Quelques expériences beaucoup moins humides peuvent suffire.
Lorsqu’une émotion apparaît, ne cherche pas immédiatement à l’expliquer ou à la résoudre. Essaie d’abord de la nommer.
Dans une conversation, écoute parfois jusqu’au bout avant de préparer ta réponse.
Devant une décision non urgente, accorde-toi un délai et observe ce qui continue à revenir intérieurement.
Consacre du temps à une activité qui ne poursuit aucun objectif immédiatement utile : musique, contemplation, création, marche, jardinage.
Et demande-toi régulièrement :
« Qu’est-ce que cette situation produit en moi ? »
Pas ce qu’elle devrait produire.
Ce qu’elle produit.
Comment développer l’Animus ?
Si l’Animus paraît davantage en retrait, l’exercice consiste plutôt à donner une forme à ce qui est ressenti.
Transformer « je ne suis pas très à l’aise avec ça » en :
« Je ne veux pas cela. »
Transformer une envie en première action.
Fixer une échéance.
Terminer une petite chose avant d’en commencer trois nouvelles.
Exprimer une préférence sans l’accompagner immédiatement de six excuses.
Et surtout apprendre à distinguer l’agressivité de l’affirmation.
Dire non n’est pas attaquer quelqu’un.
C’est parfois simplement informer le monde qu’une frontière existe.
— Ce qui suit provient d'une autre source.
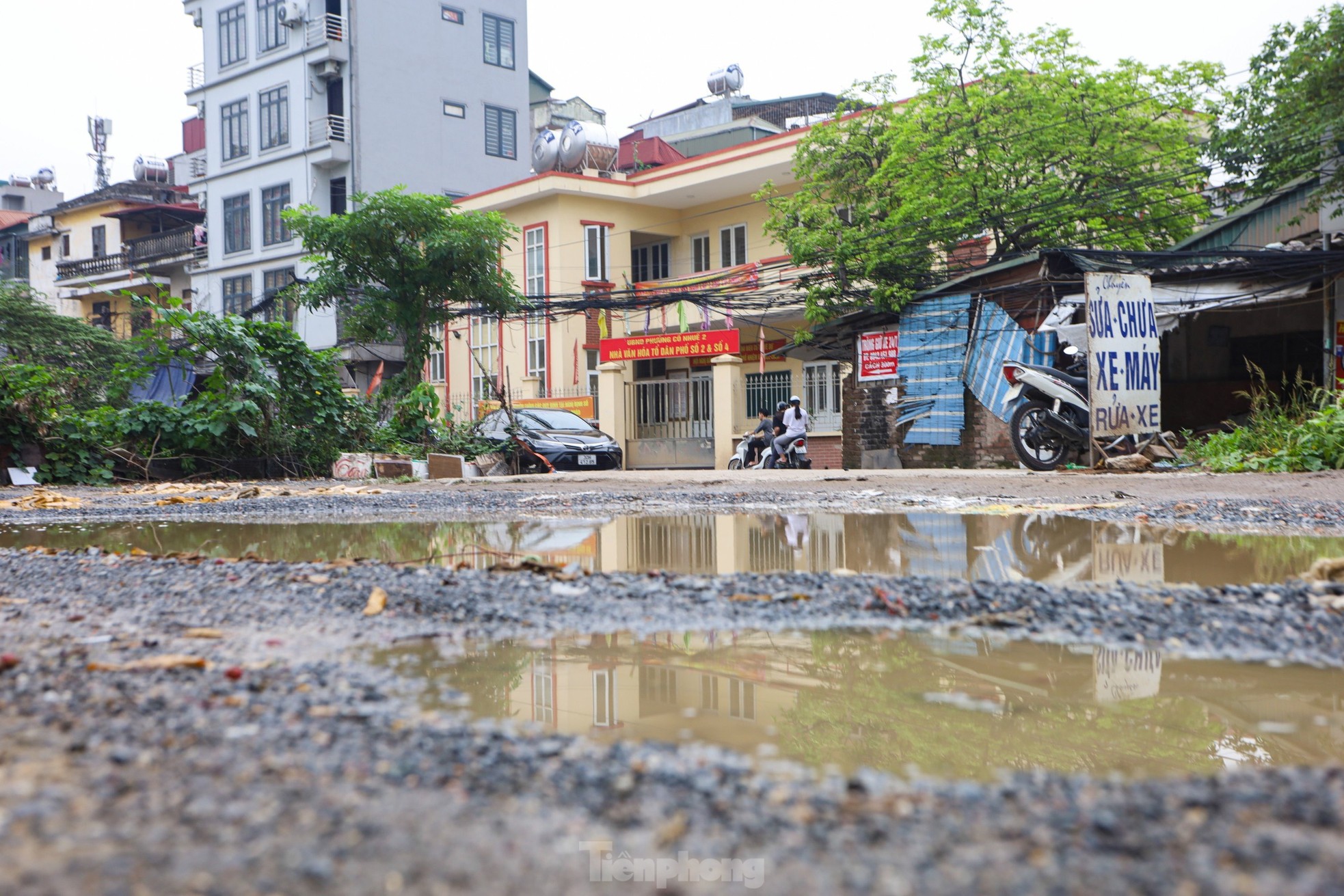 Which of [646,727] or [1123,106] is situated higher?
[1123,106]

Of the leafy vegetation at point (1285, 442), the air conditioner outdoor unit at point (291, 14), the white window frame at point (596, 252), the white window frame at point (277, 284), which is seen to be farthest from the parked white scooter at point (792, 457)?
the air conditioner outdoor unit at point (291, 14)

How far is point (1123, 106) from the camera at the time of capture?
601 inches

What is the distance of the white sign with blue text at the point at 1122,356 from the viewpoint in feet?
38.7

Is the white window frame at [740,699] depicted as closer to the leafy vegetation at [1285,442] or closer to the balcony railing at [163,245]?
the leafy vegetation at [1285,442]

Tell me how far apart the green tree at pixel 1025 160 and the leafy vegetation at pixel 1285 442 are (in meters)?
4.79

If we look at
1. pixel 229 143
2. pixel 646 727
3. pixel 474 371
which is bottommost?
pixel 646 727

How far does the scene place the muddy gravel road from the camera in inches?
53.1

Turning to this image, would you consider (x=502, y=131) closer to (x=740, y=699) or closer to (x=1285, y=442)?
(x=1285, y=442)

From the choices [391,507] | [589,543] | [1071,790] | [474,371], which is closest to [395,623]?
[1071,790]

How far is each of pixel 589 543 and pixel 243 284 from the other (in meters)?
30.5

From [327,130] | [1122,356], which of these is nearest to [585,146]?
[327,130]

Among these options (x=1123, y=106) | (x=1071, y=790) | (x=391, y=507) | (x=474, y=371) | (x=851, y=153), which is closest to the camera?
(x=1071, y=790)

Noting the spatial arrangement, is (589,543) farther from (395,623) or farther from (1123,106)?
(1123,106)

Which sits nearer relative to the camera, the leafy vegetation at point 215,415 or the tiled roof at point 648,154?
the leafy vegetation at point 215,415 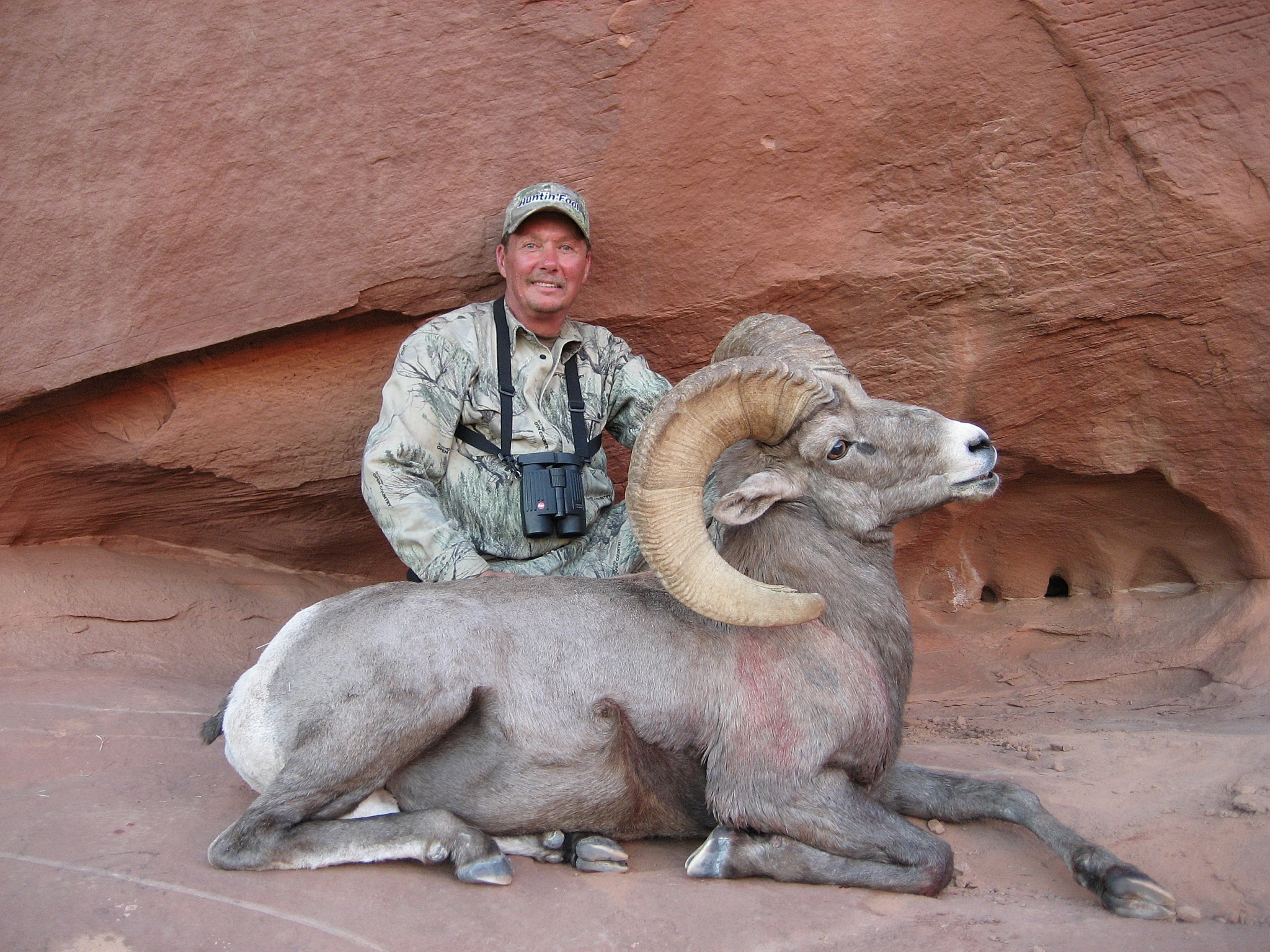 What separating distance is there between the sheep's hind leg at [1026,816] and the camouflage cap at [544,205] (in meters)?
3.07

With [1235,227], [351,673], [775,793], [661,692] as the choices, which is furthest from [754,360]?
[1235,227]

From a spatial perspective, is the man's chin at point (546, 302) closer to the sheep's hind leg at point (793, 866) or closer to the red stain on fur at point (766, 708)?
the red stain on fur at point (766, 708)

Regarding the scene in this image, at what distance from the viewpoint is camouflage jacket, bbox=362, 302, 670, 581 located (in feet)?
16.4


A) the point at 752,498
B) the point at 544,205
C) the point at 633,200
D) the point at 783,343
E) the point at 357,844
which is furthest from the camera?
the point at 633,200

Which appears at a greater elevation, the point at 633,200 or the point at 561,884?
the point at 633,200

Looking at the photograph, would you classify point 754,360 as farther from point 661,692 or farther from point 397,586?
point 397,586

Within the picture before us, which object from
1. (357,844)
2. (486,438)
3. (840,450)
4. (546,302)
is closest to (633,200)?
(546,302)

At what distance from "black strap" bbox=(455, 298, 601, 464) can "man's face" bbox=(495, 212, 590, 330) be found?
155mm

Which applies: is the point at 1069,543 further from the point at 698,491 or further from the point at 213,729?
the point at 213,729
Le monde s’en remet généralement.
Le but n’est pas 50 / 50
Il serait tentant de considérer l’équilibre parfait comme un résultat de 50 % Anima et 50 % Animus.
Ce serait très joli.
Et probablement assez peu jungien.
L’équilibre psychique n’est pas une comptabilité.
Selon les moments de notre vie, les situations et les exigences du réel, nous avons besoin davantage d’une dynamique ou de l’autre.
Une personne qui traverse un deuil n’a pas les mêmes besoins psychiques qu’une personne qui doit défendre un projet professionnel.
Une relation demande parfois d’accueillir.
Une autre fois de trancher.
La question essentielle n’est donc pas :
« Mes deux scores sont-ils égaux ? »
Mais :
« Suis-je capable de mobiliser l’autre dynamique lorsque celle que j’utilise spontanément ne suffit plus ? »
C’est là que commence la souplesse.
Une expérience très simple
Pendant quelques jours, observe tes petites décisions.
Lorsque ton premier mouvement consiste à agir, essaie parfois de demander :
« Qu’est-ce que je n’ai pas encore écouté ? »
Lorsque ton premier mouvement consiste à ressentir, attendre ou accueillir, demande :
« Quelle action concrète pourrait maintenant donner une forme à ce que je perçois ? »
Il ne s’agit pas de choisir entre les deux réponses.
Il s’agit de les faire se rencontrer.
Car une intuition qui ne rencontre jamais l’action risque de rester un rêve.
Et une action qui n’écoute jamais ce qui se passe intérieurement peut devenir une remarquable manière d’aller très efficacement dans la mauvaise direction.
Anima et Animus ne sont donc pas deux moitiés qui se disputeraient la propriété de notre psyché.
Ils peuvent être envisagés comme deux mouvements d’une même respiration.
Recevoir et répondre.
Relier et différencier.
Écouter et affirmer.
Laisser émerger et donner forme.
Le véritable équilibre ne consiste peut-être pas à savoir lequel est le plus fort.
Mais à éviter que l’un parle tellement fort que l’autre ne soit plus entendu.
Et lorsque les deux commencent enfin à dialoguer, il se produit quelque chose d’assez intéressant :
nous ne devenons ni plus féminin ni plus masculin.
Nous devenons simplement un peu plus entier.